Press secretary Jen Psaki tried to explain away President Biden’s refusal to take questions from reporters during his Tuesday sitdown with British Prime Minister Boris Johnson by claiming that the UK leader had blindsided White House aides by calling on two British reporters.
“I think our relationship with the United Kingdom and with Prime Minister Johnson is so strong and abiding, we will be able to move forward beyond this,” Psaki said Wednesday, “but he [Johnson] called on individuals from his press corps without alerting us to that intention in advance.”
Maybe because Johnson finds it normal for reporters to ask questions? And for leaders to be expected to answer them.
Psaki admits that these events are built to suppress press access.
After Johnson and Biden answered queries from Harry Cole of the Sun newspaper and Beth Rigby of Sky News, White House press aides known as “wranglers” began shouting and herding reporters outside the Oval Office, where the meeting was taking place.
This is the way Russian and Chinese leaders would behave.
American presidents would show their willingness to take questions while totalitarian dictators would suppress the press. So what does that make Biden?
CBS White House correspondent Ed O’Keefe, whose question to Biden about the ongoing migration crisis at the southern border received a half-heard answer from the president amid the chaos, asked Psaki Wednesday for her “understanding” of what had transpired.
“The British Prime Minister, in the American Oval Office, called on British reporters and then, when American reporters tried to call on the American President, we were escorted out,” O’Keefe complained…
“But in this month of September, most of the occasions we’ve had have been fleeting,” Portnoy pressed. “In fact, there are some occasions where he’s only taken one question and walked away, and most of those occasions have occurred outside of this building.

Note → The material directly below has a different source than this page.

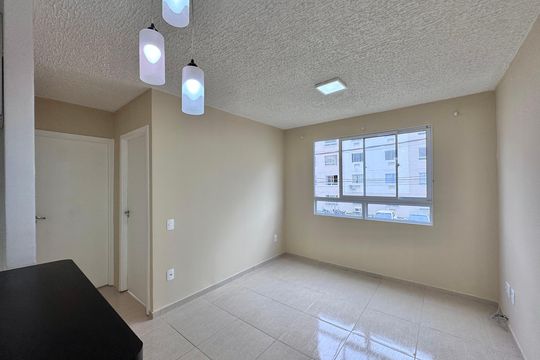 Sala de apartamento à venda com 2 quartos, 43m² em Vargem Pequena, Rio de Janeiro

So, when can we expect to have an opportunity to actually ask the president questions in a formal setting?”
Considering the revelation about the “wall” in Woodward’s book, probably not anytime soon.
“Peril,” a new book by Bob Woodward and Washington Post reporter Robert Costa, claims that Biden’s aides intentionally kept the president away from “unscripted events or long interviews,” according to a Fox News report. These aides included chief of staff Ron Klain and adviser Anita Dunn.
“They called the effect ‘the wall,’ a cocooning of the president,” the book says, describing the effort to counter Biden’s “tendency to at times be testy or mangle statements,” according to Fox News.